** EXERCISE MATERIAL **
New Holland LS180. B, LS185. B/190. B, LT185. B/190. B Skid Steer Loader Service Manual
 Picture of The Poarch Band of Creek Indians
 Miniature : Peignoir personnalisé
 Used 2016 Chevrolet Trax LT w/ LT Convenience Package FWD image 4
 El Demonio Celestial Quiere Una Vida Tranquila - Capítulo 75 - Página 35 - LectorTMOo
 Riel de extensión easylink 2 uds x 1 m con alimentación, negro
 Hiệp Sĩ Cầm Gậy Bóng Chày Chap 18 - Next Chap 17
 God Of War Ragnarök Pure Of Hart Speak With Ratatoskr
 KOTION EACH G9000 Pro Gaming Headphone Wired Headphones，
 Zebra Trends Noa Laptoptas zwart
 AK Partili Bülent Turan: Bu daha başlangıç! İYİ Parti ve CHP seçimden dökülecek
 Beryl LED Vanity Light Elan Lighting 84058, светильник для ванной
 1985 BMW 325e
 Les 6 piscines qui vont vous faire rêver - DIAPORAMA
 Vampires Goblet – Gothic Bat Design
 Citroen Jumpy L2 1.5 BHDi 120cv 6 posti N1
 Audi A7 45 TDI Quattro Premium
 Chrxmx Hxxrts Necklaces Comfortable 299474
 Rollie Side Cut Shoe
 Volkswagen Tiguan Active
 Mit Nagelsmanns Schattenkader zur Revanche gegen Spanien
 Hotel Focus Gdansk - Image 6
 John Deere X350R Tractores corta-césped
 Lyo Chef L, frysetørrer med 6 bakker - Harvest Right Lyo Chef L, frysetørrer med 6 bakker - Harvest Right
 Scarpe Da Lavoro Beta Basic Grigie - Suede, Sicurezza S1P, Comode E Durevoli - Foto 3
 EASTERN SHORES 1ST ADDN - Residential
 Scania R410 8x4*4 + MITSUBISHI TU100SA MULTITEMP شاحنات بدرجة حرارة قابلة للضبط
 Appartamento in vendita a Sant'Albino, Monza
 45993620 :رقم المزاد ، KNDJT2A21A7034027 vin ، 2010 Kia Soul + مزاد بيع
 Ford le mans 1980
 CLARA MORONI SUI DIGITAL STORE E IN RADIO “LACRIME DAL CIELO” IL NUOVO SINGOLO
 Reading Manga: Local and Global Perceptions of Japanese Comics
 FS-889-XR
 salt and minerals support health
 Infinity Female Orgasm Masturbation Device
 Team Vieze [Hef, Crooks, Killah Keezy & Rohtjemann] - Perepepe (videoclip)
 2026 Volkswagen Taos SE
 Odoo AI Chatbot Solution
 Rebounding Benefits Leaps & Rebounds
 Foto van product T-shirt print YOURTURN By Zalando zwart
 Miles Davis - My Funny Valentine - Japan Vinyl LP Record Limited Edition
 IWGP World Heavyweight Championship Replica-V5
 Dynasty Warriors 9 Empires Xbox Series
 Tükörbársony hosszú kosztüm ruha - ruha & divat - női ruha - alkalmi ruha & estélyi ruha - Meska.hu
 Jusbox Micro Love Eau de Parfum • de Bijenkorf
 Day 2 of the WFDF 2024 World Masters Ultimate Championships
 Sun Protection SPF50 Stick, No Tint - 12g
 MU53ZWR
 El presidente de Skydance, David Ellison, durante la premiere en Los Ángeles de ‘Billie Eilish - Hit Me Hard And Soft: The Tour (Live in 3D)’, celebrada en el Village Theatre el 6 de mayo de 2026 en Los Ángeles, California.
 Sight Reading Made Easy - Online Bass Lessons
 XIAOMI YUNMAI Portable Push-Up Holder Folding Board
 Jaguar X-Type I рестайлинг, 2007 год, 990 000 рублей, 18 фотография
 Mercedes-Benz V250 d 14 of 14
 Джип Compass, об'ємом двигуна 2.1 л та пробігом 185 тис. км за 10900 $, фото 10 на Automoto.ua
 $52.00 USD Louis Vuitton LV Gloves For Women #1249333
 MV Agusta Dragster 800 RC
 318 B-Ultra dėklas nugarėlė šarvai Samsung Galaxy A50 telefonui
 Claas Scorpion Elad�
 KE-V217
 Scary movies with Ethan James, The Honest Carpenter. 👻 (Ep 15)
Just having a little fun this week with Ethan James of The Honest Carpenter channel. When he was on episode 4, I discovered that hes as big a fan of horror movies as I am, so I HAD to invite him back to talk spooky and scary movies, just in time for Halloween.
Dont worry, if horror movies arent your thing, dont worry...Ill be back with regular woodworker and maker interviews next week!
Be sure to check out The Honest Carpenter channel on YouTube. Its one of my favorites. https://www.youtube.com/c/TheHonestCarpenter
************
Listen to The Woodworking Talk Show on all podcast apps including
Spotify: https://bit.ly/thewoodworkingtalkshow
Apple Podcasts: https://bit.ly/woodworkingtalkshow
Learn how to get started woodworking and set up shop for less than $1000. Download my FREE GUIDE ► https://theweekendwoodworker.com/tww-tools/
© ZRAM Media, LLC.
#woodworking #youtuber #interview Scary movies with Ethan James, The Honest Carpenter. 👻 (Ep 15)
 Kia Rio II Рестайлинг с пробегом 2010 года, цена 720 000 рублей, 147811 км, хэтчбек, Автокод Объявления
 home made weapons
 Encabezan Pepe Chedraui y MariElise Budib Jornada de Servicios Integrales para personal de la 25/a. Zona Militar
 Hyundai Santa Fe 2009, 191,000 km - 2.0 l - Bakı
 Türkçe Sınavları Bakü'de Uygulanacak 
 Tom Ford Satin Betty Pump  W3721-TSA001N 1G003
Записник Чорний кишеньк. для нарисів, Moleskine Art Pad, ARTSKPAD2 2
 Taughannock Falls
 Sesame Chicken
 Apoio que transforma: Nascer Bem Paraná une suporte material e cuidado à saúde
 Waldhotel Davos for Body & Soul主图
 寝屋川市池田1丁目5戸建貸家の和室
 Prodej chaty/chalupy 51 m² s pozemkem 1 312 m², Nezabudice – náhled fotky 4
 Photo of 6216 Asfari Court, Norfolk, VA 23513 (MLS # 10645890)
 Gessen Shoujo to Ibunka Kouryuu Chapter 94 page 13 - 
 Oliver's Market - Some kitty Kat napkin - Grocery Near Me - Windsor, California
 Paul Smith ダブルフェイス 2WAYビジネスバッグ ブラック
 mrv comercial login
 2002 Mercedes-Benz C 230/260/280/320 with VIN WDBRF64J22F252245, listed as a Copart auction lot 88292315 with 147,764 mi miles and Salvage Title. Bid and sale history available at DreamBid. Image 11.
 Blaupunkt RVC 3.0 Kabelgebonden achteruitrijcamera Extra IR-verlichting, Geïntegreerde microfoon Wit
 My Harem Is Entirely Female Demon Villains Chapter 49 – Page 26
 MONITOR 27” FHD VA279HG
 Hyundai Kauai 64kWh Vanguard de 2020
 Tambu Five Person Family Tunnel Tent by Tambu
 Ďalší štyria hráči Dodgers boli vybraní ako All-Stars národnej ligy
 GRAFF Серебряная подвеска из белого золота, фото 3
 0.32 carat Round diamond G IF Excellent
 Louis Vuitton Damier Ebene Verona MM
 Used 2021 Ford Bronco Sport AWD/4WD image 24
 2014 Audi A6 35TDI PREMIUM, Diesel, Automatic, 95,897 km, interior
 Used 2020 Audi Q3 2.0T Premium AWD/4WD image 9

** DIRECTIONS **
Please give back the listing in full; each line must match exactly.

** RESPONSE BELOW **
New Holland LS180. B, LS185. B/190. B, LT185. B/190. B Skid Steer Loader Service Manual
 Picture of The Poarch Band of Creek Indians
 Miniature : Peignoir personnalisé
 Used 2016 Chevrolet Trax LT w/ LT Convenience Package FWD image 4
 El Demonio Celestial Quiere Una Vida Tranquila - Capítulo 75 - Página 35 - LectorTMOo
 Riel de extensión easylink 2 uds x 1 m con alimentación, negro
 Hiệp Sĩ Cầm Gậy Bóng Chày Chap 18 - Next Chap 17
 God Of War Ragnarök Pure Of Hart Speak With Ratatoskr
 KOTION EACH G9000 Pro Gaming Headphone Wired Headphones，
 Zebra Trends Noa Laptoptas zwart
 AK Partili Bülent Turan: Bu daha başlangıç! İYİ Parti ve CHP seçimden dökülecek
 Beryl LED Vanity Light Elan Lighting 84058, светильник для ванной
 1985 BMW 325e
 Les 6 piscines qui vont vous faire rêver - DIAPORAMA
 Vampires Goblet – Gothic Bat Design
 Citroen Jumpy L2 1.5 BHDi 120cv 6 posti N1
 Audi A7 45 TDI Quattro Premium
 Chrxmx Hxxrts Necklaces Comfortable 299474
 Rollie Side Cut Shoe
 Volkswagen Tiguan Active
 Mit Nagelsmanns Schattenkader zur Revanche gegen Spanien
 Hotel Focus Gdansk - Image 6
 John Deere X350R Tractores corta-césped
 Lyo Chef L, frysetørrer med 6 bakker - Harvest Right Lyo Chef L, frysetørrer med 6 bakker - Harvest Right
 Scarpe Da Lavoro Beta Basic Grigie - Suede, Sicurezza S1P, Comode E Durevoli - Foto 3
 EASTERN SHORES 1ST ADDN - Residential
 Scania R410 8x4*4 + MITSUBISHI TU100SA MULTITEMP شاحنات بدرجة حرارة قابلة للضبط
 Appartamento in vendita a Sant'Albino, Monza
 45993620 :رقم المزاد ، KNDJT2A21A7034027 vin ، 2010 Kia Soul + مزاد بيع
 Ford le mans 1980
 CLARA MORONI SUI DIGITAL STORE E IN RADIO “LACRIME DAL CIELO” IL NUOVO SINGOLO
 Reading Manga: Local and Global Perceptions of Japanese Comics
 FS-889-XR
 salt and minerals support health
 Infinity Female Orgasm Masturbation Device
 Team Vieze [Hef, Crooks, Killah Keezy & Rohtjemann] - Perepepe (videoclip)
 2026 Volkswagen Taos SE
 Odoo AI Chatbot Solution
 Rebounding Benefits Leaps & Rebounds
 Foto van product T-shirt print YOURTURN By Zalando zwart
 Miles Davis - My Funny Valentine - Japan Vinyl LP Record Limited Edition
 IWGP World Heavyweight Championship Replica-V5
 Dynasty Warriors 9 Empires Xbox Series
 Tükörbársony hosszú kosztüm ruha - ruha & divat - női ruha - alkalmi ruha & estélyi ruha - Meska.hu
 Jusbox Micro Love Eau de Parfum • de Bijenkorf
 Day 2 of the WFDF 2024 World Masters Ultimate Championships
 Sun Protection SPF50 Stick, No Tint - 12g
 MU53ZWR
 El presidente de Skydance, David Ellison, durante la premiere en Los Ángeles de ‘Billie Eilish - Hit Me Hard And Soft: The Tour (Live in 3D)’, celebrada en el Village Theatre el 6 de mayo de 2026 en Los Ángeles, California.
 Sight Reading Made Easy - Online Bass Lessons
 XIAOMI YUNMAI Portable Push-Up Holder Folding Board
 Jaguar X-Type I рестайлинг, 2007 год, 990 000 рублей, 18 фотография
 Mercedes-Benz V250 d 14 of 14
 Джип Compass, об'ємом двигуна 2.1 л та пробігом 185 тис. км за 10900 $, фото 10 на Automoto.ua
 $52.00 USD Louis Vuitton LV Gloves For Women #1249333
 MV Agusta Dragster 800 RC
 318 B-Ultra dėklas nugarėlė šarvai Samsung Galaxy A50 telefonui
 Claas Scorpion Elad�
 KE-V217
 Scary movies with Ethan James, The Honest Carpenter. 👻 (Ep 15)
Just having a little fun this week with Ethan James of The Honest Carpenter channel. When he was on episode 4, I discovered that hes as big a fan of horror movies as I am, so I HAD to invite him back to talk spooky and scary movies, just in time for Halloween.
Dont worry, if horror movies arent your thing, dont worry...Ill be back with regular woodworker and maker interviews next week!
Be sure to check out The Honest Carpenter channel on YouTube. Its one of my favorites. https://www.youtube.com/c/TheHonestCarpenter
************
Listen to The Woodworking Talk Show on all podcast apps including
Spotify: https://bit.ly/thewoodworkingtalkshow
Apple Podcasts: https://bit.ly/woodworkingtalkshow
Learn how to get started woodworking and set up shop for less than $1000. Download my FREE GUIDE ► https://theweekendwoodworker.com/tww-tools/
© ZRAM Media, LLC.
#woodworking #youtuber #interview Scary movies with Ethan James, The Honest Carpenter. 👻 (Ep 15)
 Kia Rio II Рестайлинг с пробегом 2010 года, цена 720 000 рублей, 147811 км, хэтчбек, Автокод Объявления
 home made weapons
 Encabezan Pepe Chedraui y MariElise Budib Jornada de Servicios Integrales para personal de la 25/a. Zona Militar
 Hyundai Santa Fe 2009, 191,000 km - 2.0 l - Bakı
 Türkçe Sınavları Bakü'de Uygulanacak 
 Tom Ford Satin Betty Pump  W3721-TSA001N 1G003
Записник Чорний кишеньк. для нарисів, Moleskine Art Pad, ARTSKPAD2 2
 Taughannock Falls
 Sesame Chicken
 Apoio que transforma: Nascer Bem Paraná une suporte material e cuidado à saúde
 Waldhotel Davos for Body & Soul主图
 寝屋川市池田1丁目5戸建貸家の和室
 Prodej chaty/chalupy 51 m² s pozemkem 1 312 m², Nezabudice – náhled fotky 4
 Photo of 6216 Asfari Court, Norfolk, VA 23513 (MLS # 10645890)
 Gessen Shoujo to Ibunka Kouryuu Chapter 94 page 13 - 
 Oliver's Market - Some kitty Kat napkin - Grocery Near Me - Windsor, California
 Paul Smith ダブルフェイス 2WAYビジネスバッグ ブラック
 mrv comercial login
 2002 Mercedes-Benz C 230/260/280/320 with VIN WDBRF64J22F252245, listed as a Copart auction lot 88292315 with 147,764 mi miles and Salvage Title. Bid and sale history available at DreamBid. Image 11.
 Blaupunkt RVC 3.0 Kabelgebonden achteruitrijcamera Extra IR-verlichting, Geïntegreerde microfoon Wit
 My Harem Is Entirely Female Demon Villains Chapter 49 – Page 26
 MONITOR 27” FHD VA279HG
 Hyundai Kauai 64kWh Vanguard de 2020
 Tambu Five Person Family Tunnel Tent by Tambu
 Ďalší štyria hráči Dodgers boli vybraní ako All-Stars národnej ligy
 GRAFF Серебряная подвеска из белого золота, фото 3
 0.32 carat Round diamond G IF Excellent
 Louis Vuitton Damier Ebene Verona MM
 Used 2021 Ford Bronco Sport AWD/4WD image 24
 2014 Audi A6 35TDI PREMIUM, Diesel, Automatic, 95,897 km, interior
 Used 2020 Audi Q3 2.0T Premium AWD/4WD image 9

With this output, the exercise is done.